In the surface ocean, phytoplankton transforms inorganic substrates into organic matter that fills the movement of heterotrophic microorganisms, making intricate metabolic systems that determine the extent of carbon recycling and storage in the ocean. However, the diversity of organic molecules and cooperating living beings have hindered the detection of specific relationships that intercede with this large flux of energy and matter.
The open ocean contains tiny organisms — phytoplankton — that perform half of the photosynthesis on Earth, creating oxygen for animals on land.
Scientists in a new study observed how photosynthetic microbes and ocean bacteria use sulfur, a plentiful marine nutrient.
Sulfur is the odorous component that gives shorelines their particular smell. The new examination focused on sulfonates, in which a sulfur atom is associated with three oxygen atoms and a carbon-based molecule. In the sea, phytoplankton uses energy from the sun to create sulfonate molecules. Bacteria at that point, devour the phytoplankton to gain nutrients and energy.
Scientists drew on the recent genetic studies of soils to learn which microbial pathways are used to process sulfonates in the ocean.
Scientists primarily focused on 36 marine microbes that the team cultured in the lab using a UW-developed method to test which organisms produce sulfonates on their own in a lab environment.
Scientists found some striking similarities between sulfonate pathways in terrestrial and ocean systems. In soils, plants typically produce sulfonates. In the oceans, most sulfonates are also provided by photosynthetic organisms, in this case by unicellular phytoplankton.
Scientists then considered microbes in the open ocean that cannot yet be bred in the lab. During a 2015 research cruise north of Hawaii, scientists collected microbial samples at different times of day and night. They then froze the samples to analyze their genetic and chemical contents back in Seattle.

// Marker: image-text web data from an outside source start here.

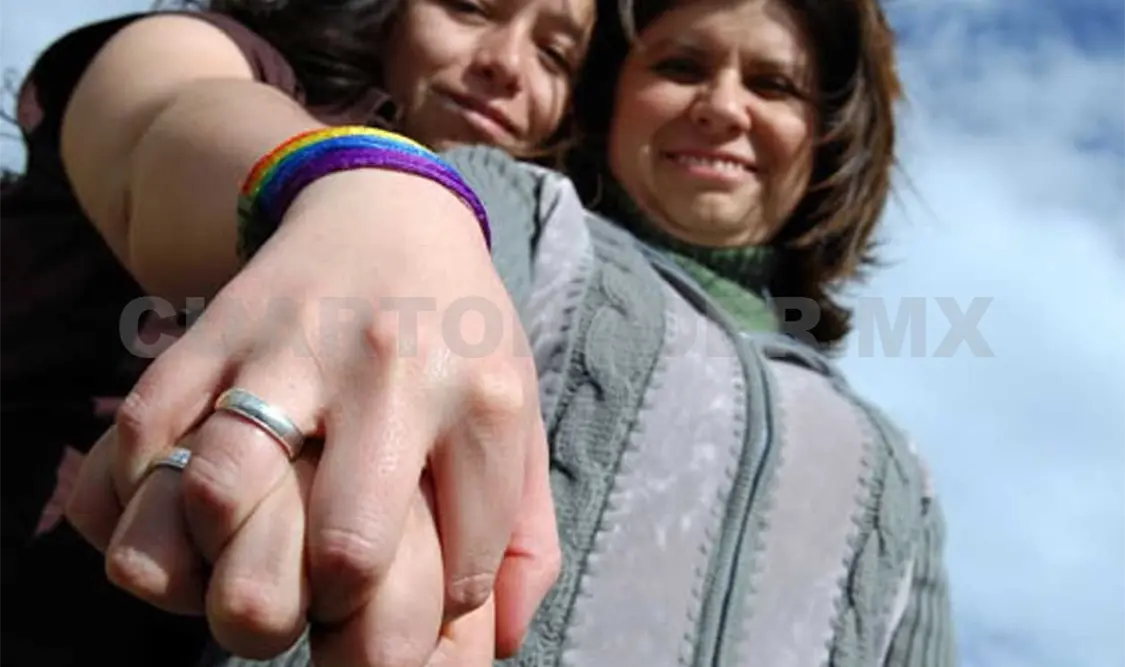 Parejas del mismo sexo que vivan fuera del país podrían casarse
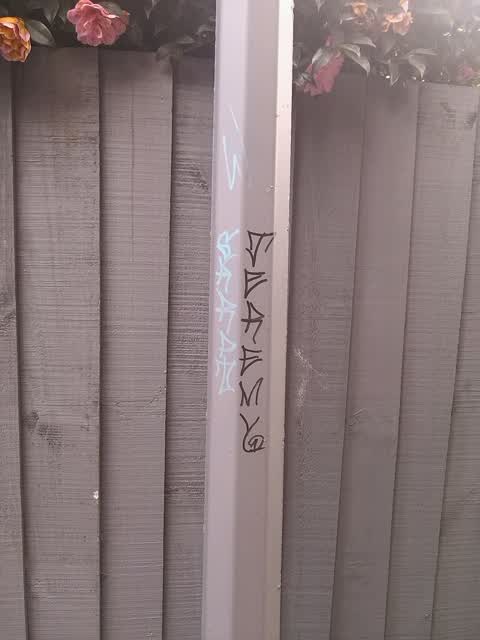 Graffiti, a report photo
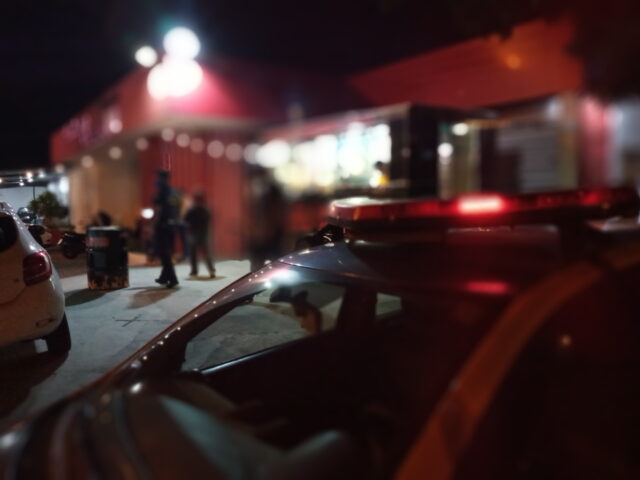 Uma foto dos agentes fazendo a fiscalização em conveniência de Piracicaba Uma foto dos agentes fazendo a fiscalização em conveniência de Piracicaba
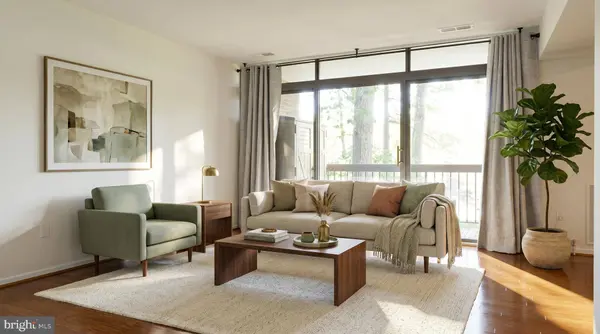 1643 PARKCREST CIR #7C/201, Reston, VA 20190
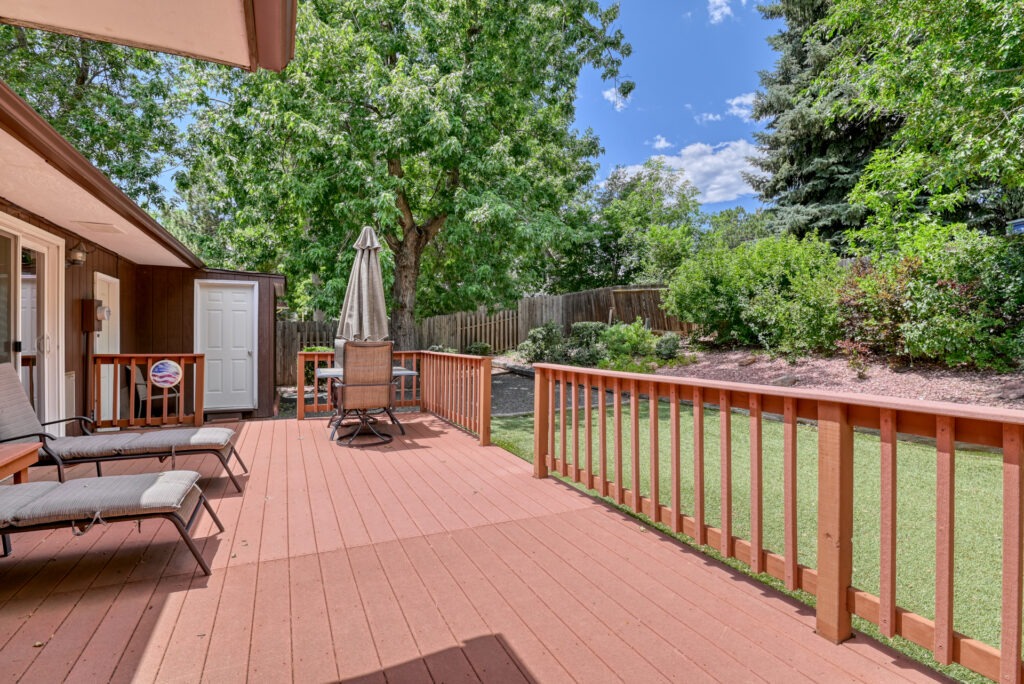 Parade Cir W 9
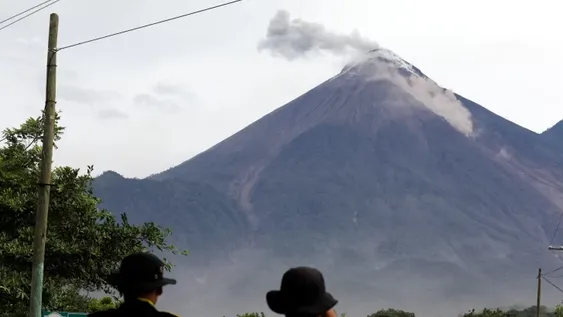 Cinco días después, el volcán de Fuego sigue activo en Guatemala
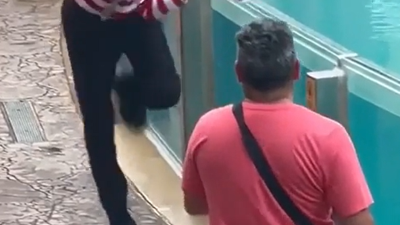 Günün en çok izlenen görüntüsü: Telefon şakası. Türkiye'de yapsaydı dayağı yerdi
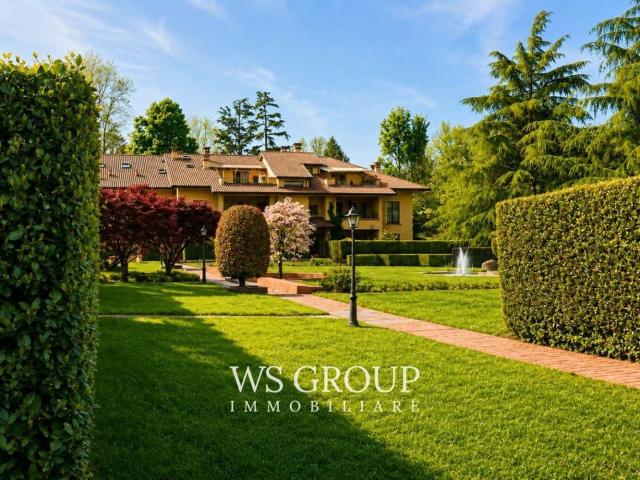 Appartamento in vendita di 217 m² in Via Santuario delle Grazie Vecchie, 13
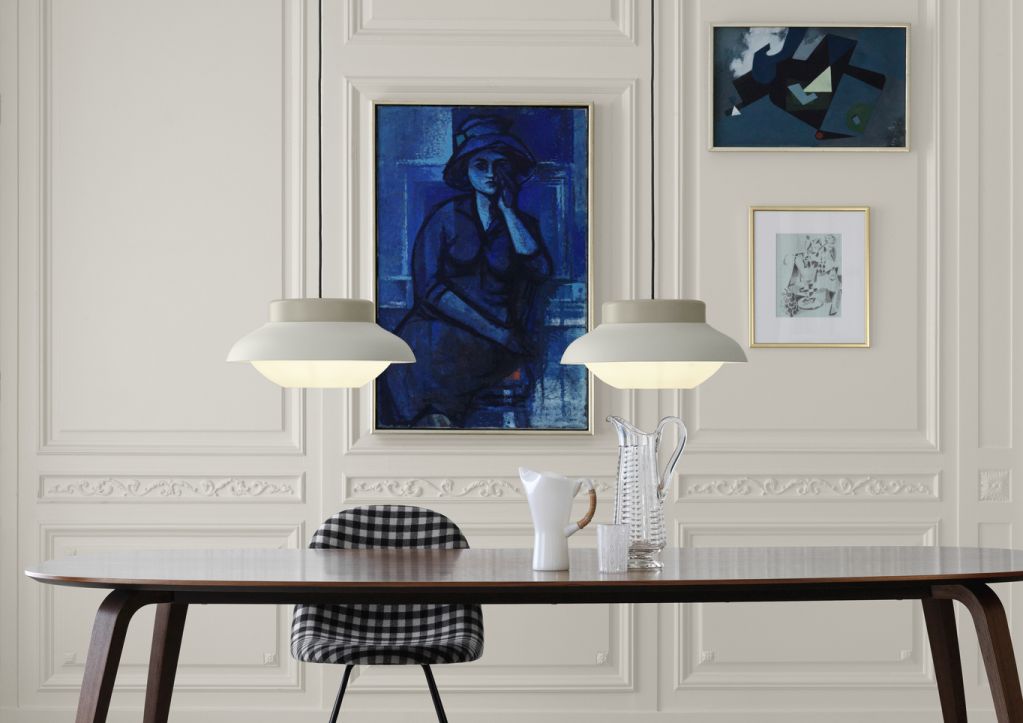 GUBI Dining Table elliptical Gubi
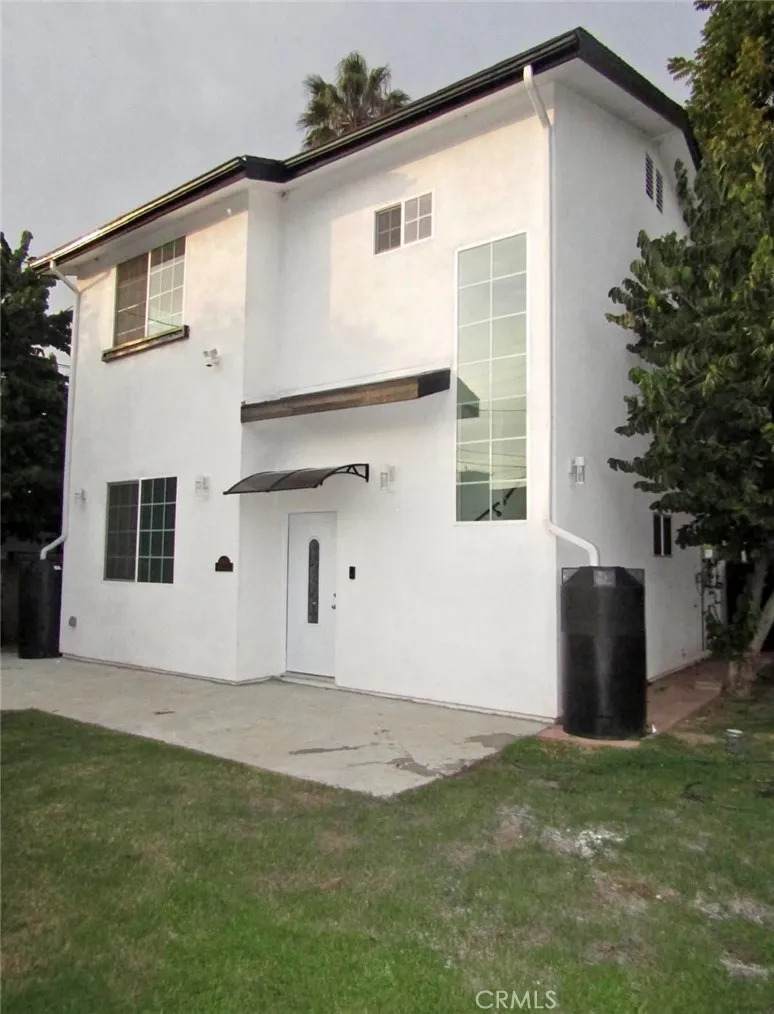 16023 Wyandotte Street - Photo 1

Bryndan Durham, then a postdoctoral researcher in oceanography at the UW said, “We returned from sea with a freezer’s worth of samples that generated over six terabytes of data for us to explore, a major computational hurdle.”
Eventually, scientists extracted the relevant data and discovered patterns that backed up the findings from the lab samples. They also detected a day-night rhythm in sulfonate metabolism that reflects the activity of photosynthetic organisms.
Scientists published their study in the journal Nature Microbiology.